View PostMetus regem, on 20 April 2018 - 08:54 AM, said:



Three words:

The
Drake
Equation

math says it's possible...

https://en.wikipedia.../Drake_equation


The Drake equation is highly speculative. The MATH is more or less solid, but almost all the values being plugged into the variables are highly speculative simply because there's almost no data for them. How frequent are worlds in Goldilock zones? How many such worlds develop life. How many worlds that develop life actually develop some kind of sapient species that goes on to develop high technology?

No one knows the answer to any of these questions IRL.

However, Battletech isn't real life. And their sample size is better than a thousand lightyears in diameter. So, life bearing (or at least easily terraformable) worlds seem to be fairly common, about one every 30 lightyears or so (ignoring the fact that the Inner "Sphere" is more a plane than an actual sphere). But INTELLIGENT alien life is so uncommon that none has been found in the Inner Sphere (at least nothing advanced enough to be recognized as intelligent), and the one unambiguously intelligent alien life are stone aged primitives who are an unknown distance from the Inner Sphere.

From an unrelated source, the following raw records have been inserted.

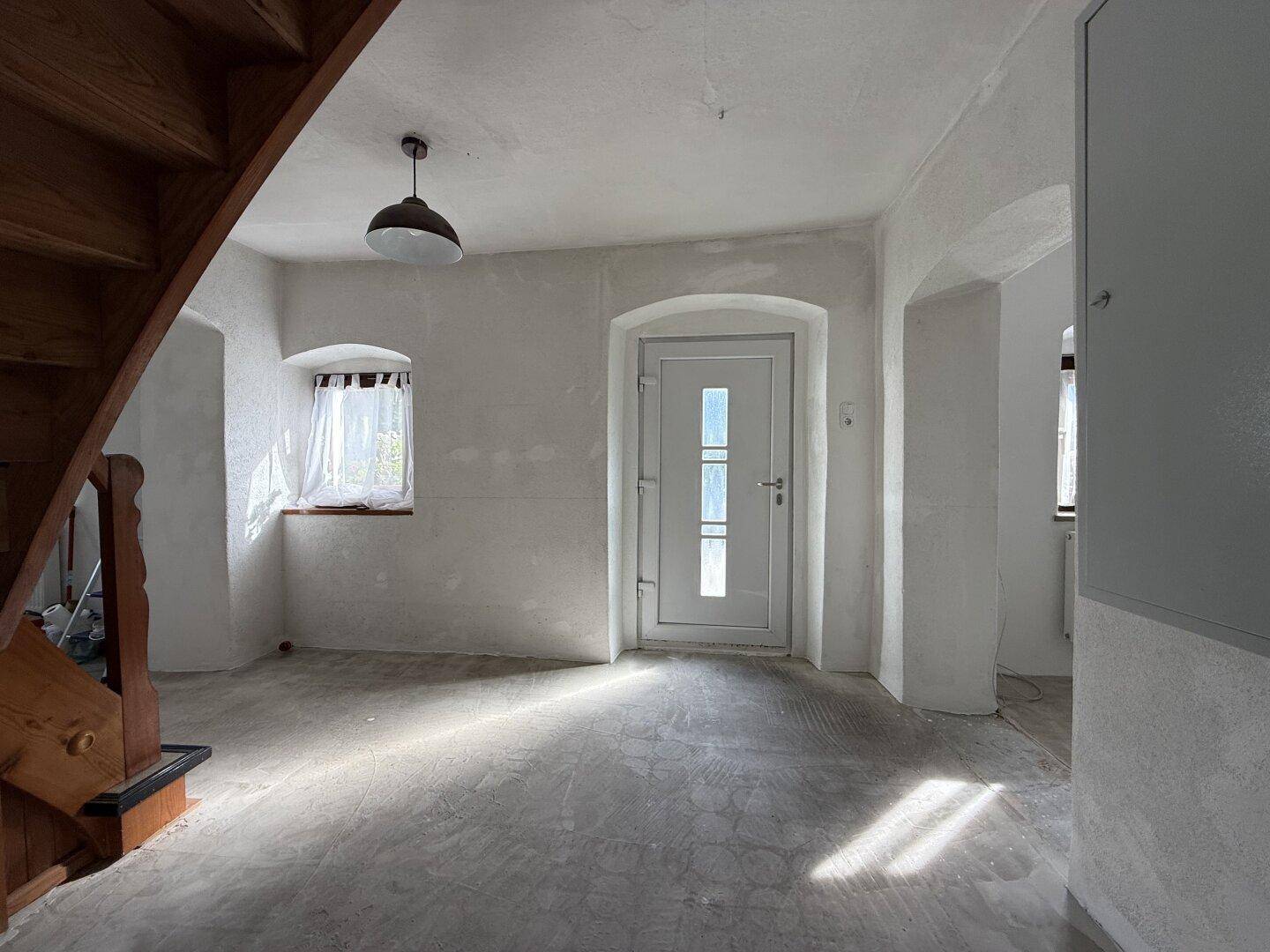 Eingangsbereich mit Holztreppe, weißer Eingangstür und einem kleinen Fenster für Tageslicht.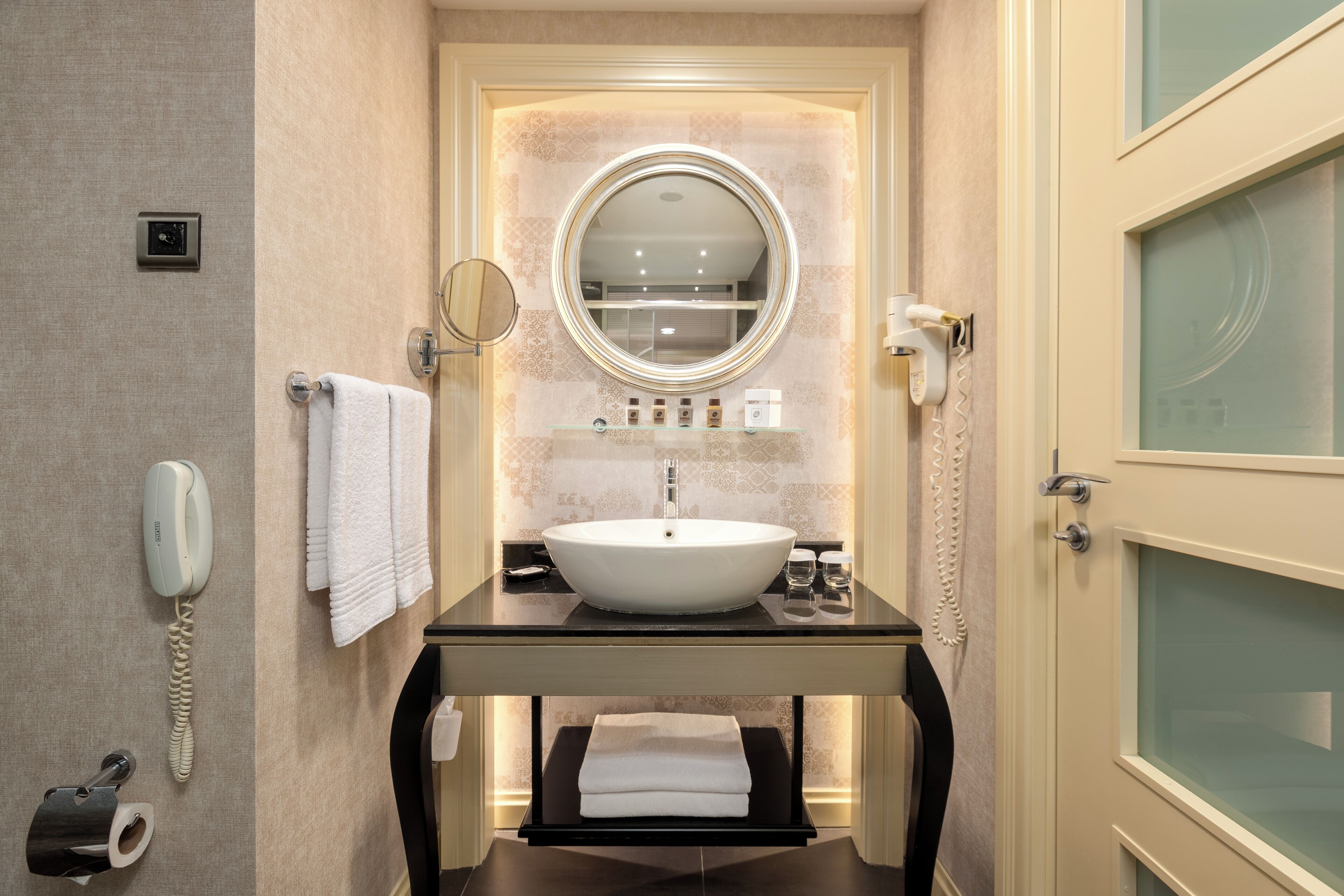 A bathroom with a round mirror, a white sink, a towel rack, a telephone, and a glass-enclosed door.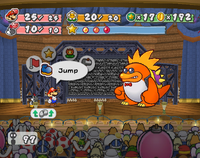 Mario and his partners battling Macho Grubba.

If we assume the Clan Homeworlds as representative of how far humanity has actually spread (there are scattered human colonies in the Deep Periphery in all directions away from the Inner Sphere), and no other intelligent life has been found by any of them, that's a radius of ~1300 lightyears (~800 lightyears from Terra to the edge of the Inner Sphere and another ~500 lightyears to Clan space). I think that's a fairly representative sample size for the galaxy as a whole (1 high tech species for AT LEAST a 2600 lightyear wide space if not larger).

With that level of rarity for intelligent species, an "Angel and Apes" scenario is even more likely. Given the age of the universe, any intelligent species that the Inner Sphere discovers is extremely unlikely to be around their tech level. They're going to be either so much more primitive as to look like apes to humanity (like the stone aged Tetatae), or they're going to be so much more advanced as to make humans look like stone aged primitives in comparison.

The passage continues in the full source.